I apologize for yet another multi-week hiatus from blogging. I enjoy blogging and it takes just a few minutes at the computer, so why can't I seem to get a daily post written? Here might be the answer, or at least part of it.

Things I must do...

  1. Care for five children between the ages of older teen and newborn. This is complicated by my preference for attachment parenting, which necessitates talking and explaining instead of spanking and yelling, and training my baby to be a sensitive and attached human being rather than a "self-soother" who internalizes rather than vocalizing her needs... a subject for another blog. The point is: I am not a low-interaction parent raising low-maintenance children. Quite the opposite.
  2. Homeschool aforementioned children, which includes not just teaching, but all of the offal that goes with it... lesson planning, curriculum buying, copy making, field tripping, social life managing.
  3. Maintain a large, but frugal and ecologically sensible home. This entails making and using homemade cleaners, hanging out laundry, gardening, foraging for good deals in nontraditional venues.
  4. Cook. I'm a foodie, if you haven't guessed already. I like fresh/organic/healthy and I need cheap.
  5. Write. I'm trying to break into freelance writing after a long career hiatus, and the first requirement of a writer is WRITING. I'm trying. But see above.
  6. Be a member of my community. We go places, do things, talk to people and try to generally be a visible family.
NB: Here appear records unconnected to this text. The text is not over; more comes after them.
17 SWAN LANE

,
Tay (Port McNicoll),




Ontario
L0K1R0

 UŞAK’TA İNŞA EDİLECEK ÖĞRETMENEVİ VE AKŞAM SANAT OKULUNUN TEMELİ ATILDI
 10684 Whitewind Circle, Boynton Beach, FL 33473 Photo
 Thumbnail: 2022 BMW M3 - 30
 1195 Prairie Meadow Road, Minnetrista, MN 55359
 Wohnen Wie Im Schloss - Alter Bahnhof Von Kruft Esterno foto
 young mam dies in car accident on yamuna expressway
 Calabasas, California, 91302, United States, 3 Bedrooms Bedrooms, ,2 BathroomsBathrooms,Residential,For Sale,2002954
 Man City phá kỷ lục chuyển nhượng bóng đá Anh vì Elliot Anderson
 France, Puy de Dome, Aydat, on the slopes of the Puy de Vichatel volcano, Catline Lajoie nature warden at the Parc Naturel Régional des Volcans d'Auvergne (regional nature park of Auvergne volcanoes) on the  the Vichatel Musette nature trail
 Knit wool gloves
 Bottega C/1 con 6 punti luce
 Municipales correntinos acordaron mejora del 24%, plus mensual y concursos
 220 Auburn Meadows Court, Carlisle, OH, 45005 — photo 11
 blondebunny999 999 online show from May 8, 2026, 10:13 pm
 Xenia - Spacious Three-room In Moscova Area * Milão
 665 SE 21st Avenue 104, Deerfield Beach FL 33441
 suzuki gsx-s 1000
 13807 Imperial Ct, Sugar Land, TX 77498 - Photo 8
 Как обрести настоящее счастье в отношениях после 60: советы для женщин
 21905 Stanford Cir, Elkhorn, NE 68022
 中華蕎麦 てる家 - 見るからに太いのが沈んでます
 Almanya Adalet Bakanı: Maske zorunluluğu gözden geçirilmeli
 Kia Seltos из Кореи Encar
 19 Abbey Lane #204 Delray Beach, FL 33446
Things I cut out to allow time for above:

  1. Unnecessary lessons and errands. This saves gas and emissions as well!
  2. Television. Not a huge loss.
  3. Much of my social life, unfortunately.
  4. Sometimes, blogging. But every day I get more organized and my baby grows more independent, so I promise to get better!

My new goal is to blog every morning, just a little. Check back to see if I make it! And don't forget to leave comments--I LOVE comments.

Monday, October 08, 2007

Sleepy after Seattle

We survived our family vacation in Seattle!

One of the best parts of taking a holiday is being so very glad to return home. The kids liked the museums and aquariums the best, but my favorite part was eating from the hole-in-the-wall stands surrounding Pike’s Place Market. Have you ever had french onion soup with fresh artisan cheese? It was so delicious even my preschoolers lapped it up. We saw the most beautiful autumn vegetables, shiny and huge and bright enough to make the neon signs seem pale, and of course watched the fishmongers throwing salmon at each other.

There is truly nothing as tiring as resting. After almost a week, we were irritable, flu-ey, and ready to return to our everyday lives.

This week I am going to be picking apples and experimenting with recipes to use them up. We have only a handful of Granny Smiths, but the Winesap tree is so full it looks ready to buckle. Ripe or not, we are going to begin the apple harvest.

I have missed the farmer’s market for the last two weeks, so next Sunday’s shopping list will be a surprise. Instead of the same old late summer veggies, I hope to find lots of interesting squashes and of course pumpkins. Pumpkin soup and pumpkin ravioli! Pies, cakes, breads, maybe even homemade pumpkin ice cream. Can you tell autumn is my favorite season?